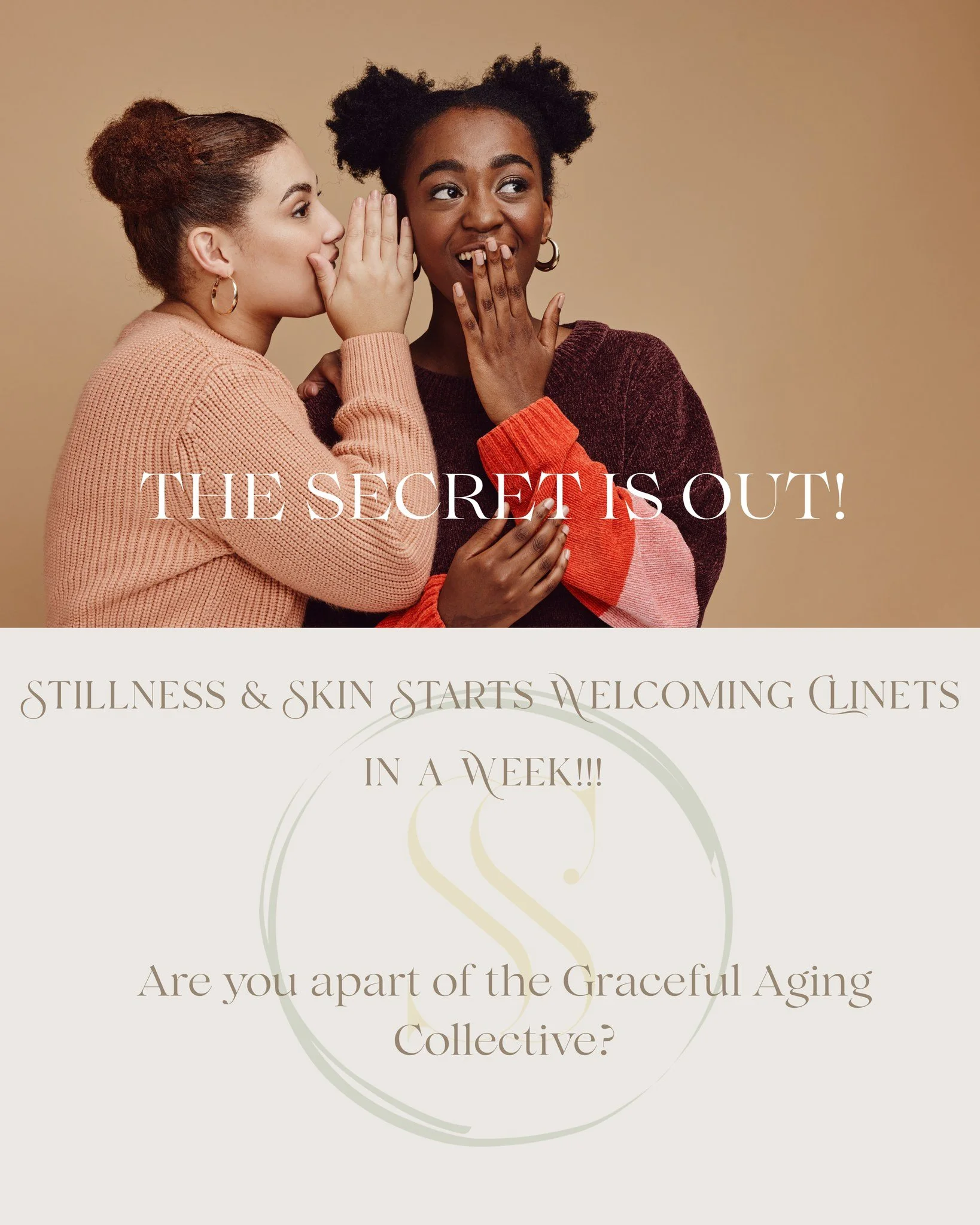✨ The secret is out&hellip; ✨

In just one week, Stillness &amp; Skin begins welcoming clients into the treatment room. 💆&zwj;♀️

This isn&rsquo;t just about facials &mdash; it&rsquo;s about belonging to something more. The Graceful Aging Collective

--

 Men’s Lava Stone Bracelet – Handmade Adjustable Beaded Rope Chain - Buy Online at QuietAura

==

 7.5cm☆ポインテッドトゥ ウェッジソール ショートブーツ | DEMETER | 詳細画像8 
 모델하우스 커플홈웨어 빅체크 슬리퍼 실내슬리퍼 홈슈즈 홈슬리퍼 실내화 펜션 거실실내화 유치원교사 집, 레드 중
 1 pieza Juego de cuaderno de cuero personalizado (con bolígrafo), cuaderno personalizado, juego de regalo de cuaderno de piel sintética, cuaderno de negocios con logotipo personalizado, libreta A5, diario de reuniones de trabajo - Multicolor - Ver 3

[What the exercise asks] The stretch to restate runs from the line above containing "is out&hellip; ✨" through the line containing "This isn&rsquo;t just". Copy it word for word, ends included, without pictures.

[Task result]
✨ The secret is out&hellip; ✨

In just one week, Stillness &amp; Skin begins welcoming clients into the treatment room. 💆&zwj;♀️

This isn&rsquo;t just about facials &mdash; it&rsquo;s about belonging to something more. The Graceful Aging Collective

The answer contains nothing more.